Claire is an attractive CIA operative and Ray is an M16 agent who simultaneously leave their Governmental spy activities in the dust to try and profit from a battle between two rival multi-national corporations both trying to launch a new product that will transform the world and make billions. Their goal is to secure the top-secret formula and get a patent before they are outsmarted. While their respective egomaniacal CEOs engage in an unending battle of wills and one-upmanship Claire and Ray start out conning and playing one another in a clever game of industrial espionage that is even more complicated due to their own long-term romantic relationship.
WHO’S IN IT?
Reuniting Closer co-stars Julia Roberts (as Claire) and Clive Owen (as Ray) turns out to be an inspired idea. They turn out to be the perfect pair oozing movie-star charm and electricity in this elaborate con-game that might have been the kind of thing Audrey Hepburn and Cary Grant might have made in the '60s (in fact they did in Charade). Roberts with that infamous hairstyle back the way we like it and Owen looking great in sunglasses prove they have what it takes to navigate us through this ultra-complex plot in which no one is sure who they can trust at any given moment. They play it all in high style and the wit just flows as the story skirts back and forth during the period of five years. The supporting cast is well-chosen with juicy roles for Tom Wilkinson and Paul Giamatti (out of their John Adams duds) as the two CEOs going for each other’s throats. Giamatti who sometimes has a tendency to overdo it is especially slimy here and great fun to watch.
Big-star studio movies today rarely take risks and often talk down to the audience but in Duplicity writer/director Tony Gilroy (Michael Clayton) has crafted a complicated con-comedy that requires complete attention at all times just to keep up with the dense plot’s twists and turns. It’s the cinematic equivalent of a New York Times crossword puzzle and Gilroy and his top-drawer production team deliver a glossy beautiful-looking film that’s easy on the eyes hitting locations from Dubai to Rome to New York City.

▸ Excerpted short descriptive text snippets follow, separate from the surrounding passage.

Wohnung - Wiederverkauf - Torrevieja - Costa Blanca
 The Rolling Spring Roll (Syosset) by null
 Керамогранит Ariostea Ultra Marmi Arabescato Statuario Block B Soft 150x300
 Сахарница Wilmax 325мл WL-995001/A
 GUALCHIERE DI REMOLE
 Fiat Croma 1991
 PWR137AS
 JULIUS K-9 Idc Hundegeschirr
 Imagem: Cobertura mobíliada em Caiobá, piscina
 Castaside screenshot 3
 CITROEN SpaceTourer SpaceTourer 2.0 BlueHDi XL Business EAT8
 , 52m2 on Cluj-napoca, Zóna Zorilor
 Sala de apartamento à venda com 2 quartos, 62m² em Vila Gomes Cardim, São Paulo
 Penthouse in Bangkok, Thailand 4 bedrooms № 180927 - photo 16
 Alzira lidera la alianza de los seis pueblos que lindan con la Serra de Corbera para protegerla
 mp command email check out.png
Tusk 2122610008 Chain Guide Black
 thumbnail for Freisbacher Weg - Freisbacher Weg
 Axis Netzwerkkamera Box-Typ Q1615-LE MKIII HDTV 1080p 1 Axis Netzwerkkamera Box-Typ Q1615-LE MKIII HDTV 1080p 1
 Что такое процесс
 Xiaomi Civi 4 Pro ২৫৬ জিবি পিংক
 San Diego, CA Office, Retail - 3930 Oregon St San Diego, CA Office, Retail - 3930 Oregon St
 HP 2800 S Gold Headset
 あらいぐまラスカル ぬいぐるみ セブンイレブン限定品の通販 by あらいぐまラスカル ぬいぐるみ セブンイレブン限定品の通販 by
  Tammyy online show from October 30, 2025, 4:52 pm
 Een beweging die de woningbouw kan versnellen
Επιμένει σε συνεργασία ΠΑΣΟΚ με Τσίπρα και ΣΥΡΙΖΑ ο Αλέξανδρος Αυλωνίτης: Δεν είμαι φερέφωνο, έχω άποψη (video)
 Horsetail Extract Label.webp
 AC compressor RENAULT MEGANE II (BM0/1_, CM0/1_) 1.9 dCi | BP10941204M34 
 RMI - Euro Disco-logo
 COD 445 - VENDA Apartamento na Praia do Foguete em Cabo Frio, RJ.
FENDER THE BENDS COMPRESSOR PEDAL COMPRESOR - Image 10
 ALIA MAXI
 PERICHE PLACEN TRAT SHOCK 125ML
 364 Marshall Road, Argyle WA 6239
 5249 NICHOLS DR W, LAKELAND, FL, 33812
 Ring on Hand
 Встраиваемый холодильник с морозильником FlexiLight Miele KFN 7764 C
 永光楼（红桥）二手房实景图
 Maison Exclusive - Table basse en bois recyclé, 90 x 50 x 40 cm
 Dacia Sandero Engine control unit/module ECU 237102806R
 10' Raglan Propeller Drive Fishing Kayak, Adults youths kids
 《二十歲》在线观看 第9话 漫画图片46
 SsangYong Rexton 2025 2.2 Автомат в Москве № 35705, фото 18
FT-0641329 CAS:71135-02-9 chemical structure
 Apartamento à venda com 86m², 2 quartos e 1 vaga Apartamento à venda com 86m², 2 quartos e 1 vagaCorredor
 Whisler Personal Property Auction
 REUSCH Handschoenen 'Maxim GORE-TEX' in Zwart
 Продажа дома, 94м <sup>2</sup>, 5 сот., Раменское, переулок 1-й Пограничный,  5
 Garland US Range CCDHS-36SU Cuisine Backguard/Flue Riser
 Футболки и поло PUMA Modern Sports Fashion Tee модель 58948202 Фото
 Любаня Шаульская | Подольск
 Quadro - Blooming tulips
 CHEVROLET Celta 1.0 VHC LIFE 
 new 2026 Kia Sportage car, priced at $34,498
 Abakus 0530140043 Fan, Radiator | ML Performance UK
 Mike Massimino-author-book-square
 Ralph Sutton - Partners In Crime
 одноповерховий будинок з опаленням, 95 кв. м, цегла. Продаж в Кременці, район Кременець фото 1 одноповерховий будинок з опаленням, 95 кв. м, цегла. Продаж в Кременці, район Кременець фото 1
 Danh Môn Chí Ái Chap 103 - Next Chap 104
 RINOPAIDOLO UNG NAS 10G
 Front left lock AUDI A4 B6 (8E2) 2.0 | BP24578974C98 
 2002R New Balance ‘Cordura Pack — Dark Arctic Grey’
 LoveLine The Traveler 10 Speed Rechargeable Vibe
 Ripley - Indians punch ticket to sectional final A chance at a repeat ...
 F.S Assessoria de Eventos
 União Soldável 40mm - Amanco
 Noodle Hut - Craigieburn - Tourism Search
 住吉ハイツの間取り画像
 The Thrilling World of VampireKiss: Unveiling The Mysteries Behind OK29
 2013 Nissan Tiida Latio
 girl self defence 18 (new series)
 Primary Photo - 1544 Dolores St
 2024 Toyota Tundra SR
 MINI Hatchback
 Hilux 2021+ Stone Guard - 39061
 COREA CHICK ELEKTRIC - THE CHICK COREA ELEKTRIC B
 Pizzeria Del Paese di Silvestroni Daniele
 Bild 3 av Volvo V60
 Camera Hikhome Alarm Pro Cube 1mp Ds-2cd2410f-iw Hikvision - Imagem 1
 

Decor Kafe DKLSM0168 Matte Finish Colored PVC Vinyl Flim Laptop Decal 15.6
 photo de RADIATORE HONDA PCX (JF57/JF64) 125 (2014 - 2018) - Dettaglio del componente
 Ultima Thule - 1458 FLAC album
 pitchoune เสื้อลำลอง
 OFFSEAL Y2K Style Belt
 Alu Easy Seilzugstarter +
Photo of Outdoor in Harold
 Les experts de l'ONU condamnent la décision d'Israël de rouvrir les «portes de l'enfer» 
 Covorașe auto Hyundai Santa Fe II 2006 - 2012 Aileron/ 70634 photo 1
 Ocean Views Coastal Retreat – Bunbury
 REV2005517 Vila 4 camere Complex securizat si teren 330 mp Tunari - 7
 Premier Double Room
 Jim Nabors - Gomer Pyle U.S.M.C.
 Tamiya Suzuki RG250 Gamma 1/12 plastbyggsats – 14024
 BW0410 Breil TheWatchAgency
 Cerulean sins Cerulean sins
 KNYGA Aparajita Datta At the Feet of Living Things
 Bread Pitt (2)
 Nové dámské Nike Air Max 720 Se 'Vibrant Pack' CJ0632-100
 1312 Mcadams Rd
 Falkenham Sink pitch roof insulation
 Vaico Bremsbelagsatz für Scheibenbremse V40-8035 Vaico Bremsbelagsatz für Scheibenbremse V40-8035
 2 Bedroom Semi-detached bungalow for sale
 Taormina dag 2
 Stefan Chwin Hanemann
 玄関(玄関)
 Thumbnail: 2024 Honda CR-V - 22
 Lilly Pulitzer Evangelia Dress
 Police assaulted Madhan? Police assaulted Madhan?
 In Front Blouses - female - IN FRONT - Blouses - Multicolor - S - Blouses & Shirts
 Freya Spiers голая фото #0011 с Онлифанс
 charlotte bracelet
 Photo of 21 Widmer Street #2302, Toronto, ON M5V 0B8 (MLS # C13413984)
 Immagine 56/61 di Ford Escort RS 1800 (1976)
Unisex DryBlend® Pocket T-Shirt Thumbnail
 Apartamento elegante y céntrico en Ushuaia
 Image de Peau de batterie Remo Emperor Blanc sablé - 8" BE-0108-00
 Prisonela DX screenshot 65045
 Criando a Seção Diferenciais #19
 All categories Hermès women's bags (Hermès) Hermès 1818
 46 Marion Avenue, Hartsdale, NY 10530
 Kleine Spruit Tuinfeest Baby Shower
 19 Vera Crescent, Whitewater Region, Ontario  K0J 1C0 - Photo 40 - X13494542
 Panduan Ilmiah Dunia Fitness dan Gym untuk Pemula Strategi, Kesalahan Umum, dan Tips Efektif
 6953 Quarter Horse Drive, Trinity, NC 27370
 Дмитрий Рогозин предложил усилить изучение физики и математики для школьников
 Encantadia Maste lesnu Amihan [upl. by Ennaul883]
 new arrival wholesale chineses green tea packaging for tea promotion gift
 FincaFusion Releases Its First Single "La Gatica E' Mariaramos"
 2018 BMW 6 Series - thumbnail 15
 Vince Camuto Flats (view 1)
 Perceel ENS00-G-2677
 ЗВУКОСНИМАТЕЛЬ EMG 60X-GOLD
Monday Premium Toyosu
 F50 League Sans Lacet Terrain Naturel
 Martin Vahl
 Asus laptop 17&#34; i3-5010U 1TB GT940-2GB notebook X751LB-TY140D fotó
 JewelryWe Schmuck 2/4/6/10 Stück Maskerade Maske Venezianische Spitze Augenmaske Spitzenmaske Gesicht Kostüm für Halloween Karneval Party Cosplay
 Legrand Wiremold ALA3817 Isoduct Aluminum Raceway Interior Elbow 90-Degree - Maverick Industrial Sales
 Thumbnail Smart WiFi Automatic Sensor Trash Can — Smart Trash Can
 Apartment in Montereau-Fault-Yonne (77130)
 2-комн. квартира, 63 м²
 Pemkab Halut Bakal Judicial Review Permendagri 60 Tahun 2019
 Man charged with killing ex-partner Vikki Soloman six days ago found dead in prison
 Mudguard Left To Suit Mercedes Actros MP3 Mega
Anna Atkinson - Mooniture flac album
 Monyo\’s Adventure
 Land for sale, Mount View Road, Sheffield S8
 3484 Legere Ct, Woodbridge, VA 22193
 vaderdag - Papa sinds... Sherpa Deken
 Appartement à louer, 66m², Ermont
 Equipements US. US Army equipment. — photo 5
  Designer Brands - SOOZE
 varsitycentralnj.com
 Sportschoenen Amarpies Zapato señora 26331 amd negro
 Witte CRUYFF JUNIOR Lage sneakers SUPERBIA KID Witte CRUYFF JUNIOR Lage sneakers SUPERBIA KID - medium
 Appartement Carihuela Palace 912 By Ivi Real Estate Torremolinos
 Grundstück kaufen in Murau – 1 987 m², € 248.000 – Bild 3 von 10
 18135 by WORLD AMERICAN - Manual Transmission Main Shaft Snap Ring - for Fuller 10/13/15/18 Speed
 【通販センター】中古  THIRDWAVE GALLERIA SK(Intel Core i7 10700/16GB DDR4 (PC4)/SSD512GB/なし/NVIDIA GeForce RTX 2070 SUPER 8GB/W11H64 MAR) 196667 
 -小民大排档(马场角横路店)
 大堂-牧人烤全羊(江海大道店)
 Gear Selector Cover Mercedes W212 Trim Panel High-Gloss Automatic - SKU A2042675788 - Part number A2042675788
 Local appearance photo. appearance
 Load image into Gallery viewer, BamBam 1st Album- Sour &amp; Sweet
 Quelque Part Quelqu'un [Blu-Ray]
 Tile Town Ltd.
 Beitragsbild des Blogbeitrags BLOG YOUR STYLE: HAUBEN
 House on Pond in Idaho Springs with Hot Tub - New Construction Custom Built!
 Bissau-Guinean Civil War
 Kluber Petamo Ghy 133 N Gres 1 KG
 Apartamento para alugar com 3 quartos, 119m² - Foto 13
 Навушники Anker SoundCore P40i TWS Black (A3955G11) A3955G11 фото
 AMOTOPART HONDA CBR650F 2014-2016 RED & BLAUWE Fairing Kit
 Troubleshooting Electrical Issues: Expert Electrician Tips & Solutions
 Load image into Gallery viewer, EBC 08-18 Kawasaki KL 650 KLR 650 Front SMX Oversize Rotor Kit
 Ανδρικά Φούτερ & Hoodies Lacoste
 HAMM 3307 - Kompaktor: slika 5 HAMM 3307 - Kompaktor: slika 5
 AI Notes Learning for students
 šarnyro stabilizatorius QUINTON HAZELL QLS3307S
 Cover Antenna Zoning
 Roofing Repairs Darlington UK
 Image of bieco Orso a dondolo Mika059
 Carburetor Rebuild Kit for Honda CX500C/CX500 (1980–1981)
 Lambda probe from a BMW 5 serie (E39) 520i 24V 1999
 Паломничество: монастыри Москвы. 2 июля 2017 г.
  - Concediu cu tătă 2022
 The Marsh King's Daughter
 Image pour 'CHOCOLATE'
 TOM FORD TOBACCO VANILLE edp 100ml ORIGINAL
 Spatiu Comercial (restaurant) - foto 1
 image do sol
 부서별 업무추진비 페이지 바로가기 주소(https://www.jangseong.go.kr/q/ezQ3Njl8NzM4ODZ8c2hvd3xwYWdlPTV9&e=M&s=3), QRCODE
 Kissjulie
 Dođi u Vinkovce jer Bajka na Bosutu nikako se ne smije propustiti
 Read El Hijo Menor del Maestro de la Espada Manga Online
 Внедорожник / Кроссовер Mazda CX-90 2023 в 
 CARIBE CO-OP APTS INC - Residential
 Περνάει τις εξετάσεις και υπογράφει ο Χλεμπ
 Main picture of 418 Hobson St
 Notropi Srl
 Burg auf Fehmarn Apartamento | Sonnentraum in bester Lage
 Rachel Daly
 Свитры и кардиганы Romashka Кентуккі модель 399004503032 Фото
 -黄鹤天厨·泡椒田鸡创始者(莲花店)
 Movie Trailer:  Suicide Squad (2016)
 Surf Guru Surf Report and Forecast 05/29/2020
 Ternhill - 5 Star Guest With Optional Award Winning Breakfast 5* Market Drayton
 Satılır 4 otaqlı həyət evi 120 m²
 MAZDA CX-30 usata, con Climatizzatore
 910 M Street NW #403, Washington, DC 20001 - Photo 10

Like any good puzzle it sometimes can be frustrating putting it all together and Gilroy’s habit of taking us back in time and then inching forward gets a little confusing even with the on-screen chyron pointing out where we are at any given moment. Stick with it though and you will be well-rewarded.
A scene near the end where the formula must be found scanned and faxed in a matter of minutes is sweat-inducing edge-of-your-seat moviemaking and it provides the ultimate opportunity for Roberts and Owen to take the “con” to the next level. Another where Roberts uses a thong to try and trick Owen into admitting an affair he never had is also priceless and gets right to the heart of the game-playing.
GO OUT AND GET POPCORN WHEN ...
Never. Stock up during the coming attractions. If you miss a moment of this entertaining romp you might never figure it all out.